Zwei Lehrer berichten, wie sie mit ihrer Homosexualität umgehen

Die Debatte um das Thema "sexuelle Vielfalt" im Unterricht bewegt auch schwule Lehrer im Land. Der einer reagiert mit gesteigerter Vorsicht, der andere mit einer klaren Positionierung. Zwei Erfahrungsberichte.

27.10.2015
  • STEFANIE JÄRKEL, DPA

Villingen-Schwenningen Als Referendar hat Fabian Müller den Schülern nicht gesagt, dass er schwul ist. "Man ist denen halt komplett ausgeliefert", sagt der 30-Jährige. "Das hätte in der Phase zum Problem werden können." Für die Lehrproben, für seinen Abschluss brauchte er das Wohlwollen der Jugendlichen in Freiburg. Erst als ihn seine Klasse zum Abschiedsfest einlud, erzählte er von seinem Freund. Die Reaktion: Sie hätten es schon vermutet, sagt Müller und lacht. An seiner aktuellen Schule ist er offener.

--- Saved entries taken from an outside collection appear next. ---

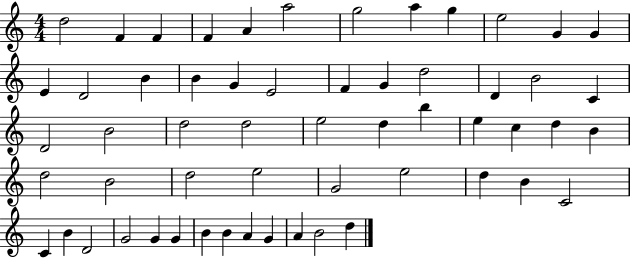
X:1
T:Untitled
M:4/4
L:1/4
K:C
d2 F F F A a2 g2 a g e2 G G E D2 B B G E2 F G d2 D B2 C D2 B2 d2 d2 e2 d b e c d B d2 B2 d2 e2 G2 e2 d B C2 C B D2 G2 G G B B A G A B2 d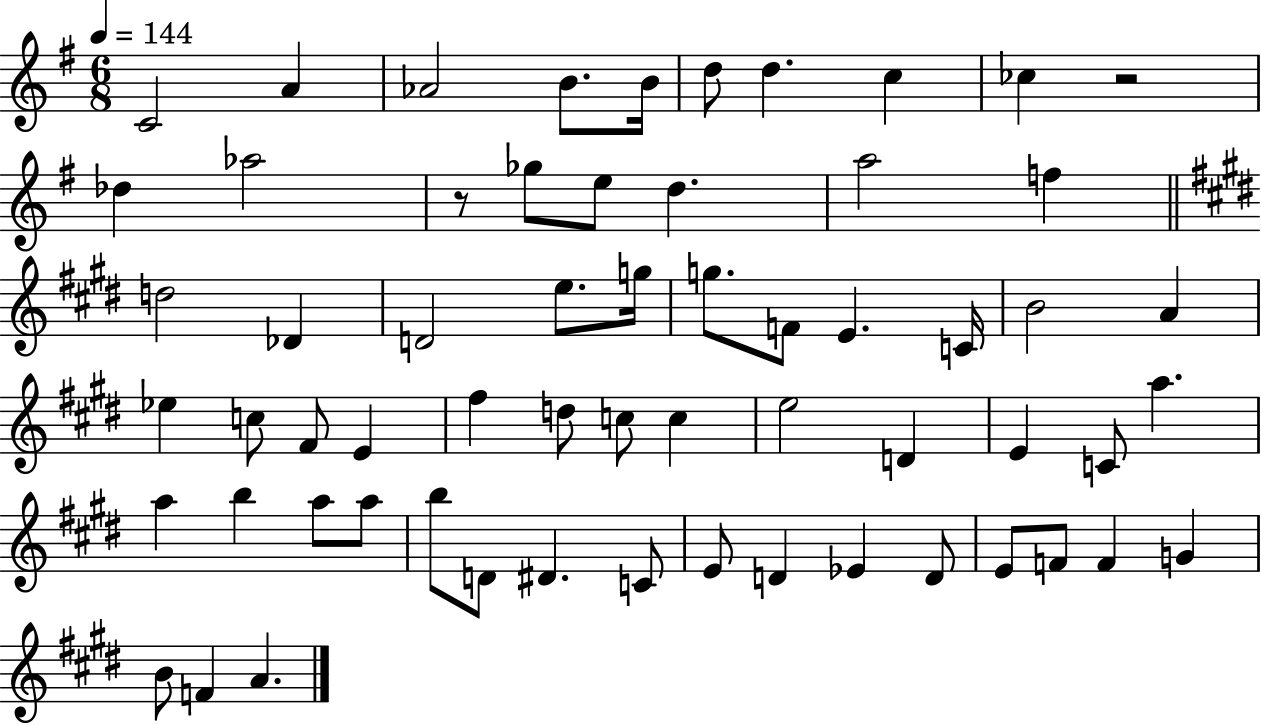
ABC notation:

X:1
T:Untitled
M:6/8
L:1/4
K:G
C2 A _A2 B/2 B/4 d/2 d c _c z2 _d _a2 z/2 _g/2 e/2 d a2 f d2 _D D2 e/2 g/4 g/2 F/2 E C/4 B2 A _e c/2 ^F/2 E ^f d/2 c/2 c e2 D E C/2 a a b a/2 a/2 b/2 D/2 ^D C/2 E/2 D _E D/2 E/2 F/2 F G B/2 F A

Dabei ist das Thema Homosexualität an Schulen umkämpft. Die grün-rote Landesregierung bemüht sich mit dem Bildungsplan 2016 unter anderem um die "Toleranz und Akzeptanz von Vielfalt" - so heißt eine der sechs zentralen "Leitperspektiven". Schüler sollen lernen, Menschen in all ihrer Vielfalt zu achten und zu schätzen - auch in ihrer sexuellen Orientierung und Identität. In einem Arbeitspapier hatte noch prominent das "Leitprinzip Sexuelle Vielfalt" gestanden - was zu massiver Kritik aus konservativen Kreisen geführt hat.

Im derzeit online für alle einsehbare und kommentierbare Bildungsplanentwurf behandelt den Aspekt nun deutlich dezenter - was das Lager der "Bildungsplangegner" aber nicht besänftigen will. Sie sehen weiterhin die Gefahr einer "Sexualisierung" ihrer Kinder. Erst vor zwei Wochen gingen 5000 Menschen in Stuttgart bei der sogenannten "Demo für alle" auf die Straße.

Dass das Thema heikel ist, weiß Stefan Richter. Auch er ist Lehrer und homosexuell. Doch outet er sich vor den Schülern nicht. Wenn er über Toleranz und Akzeptanz von Homosexualität spricht, fragen ihn seine Schüler manchmal: "Sind Sie schwul, Herr Richter?" Dann antwortet der 40-Jährige: "Denk mal genau nach, dann hat sich die Frage schon erledigt." Die Schüler denken noch mal nach - und die Frage habe sich für sie erledigt.

Vielleicht wissen sie, dass er einen Sohn hat. Vielleicht entspricht Richter, der eigentlich anders heißt, nicht ihrer Vorstellung eines Schwulen. Er ist groß, kräftig, hat eine tiefe Stimme. Richter hat Angst, dass er Probleme mit konservativen oder muslimischen Eltern bekommen könnte. "Dass Eltern sich über mich beschweren, Sturm laufen beim Schulamt und der Schule", sagt Richter, dass er sich für etwas ganz Persönliches rechtfertigen müsse. Manche Schüler sagen beim Thema Homosexualität: "Das ist gegen die Natur". Oder: "Das ist gegen Gott".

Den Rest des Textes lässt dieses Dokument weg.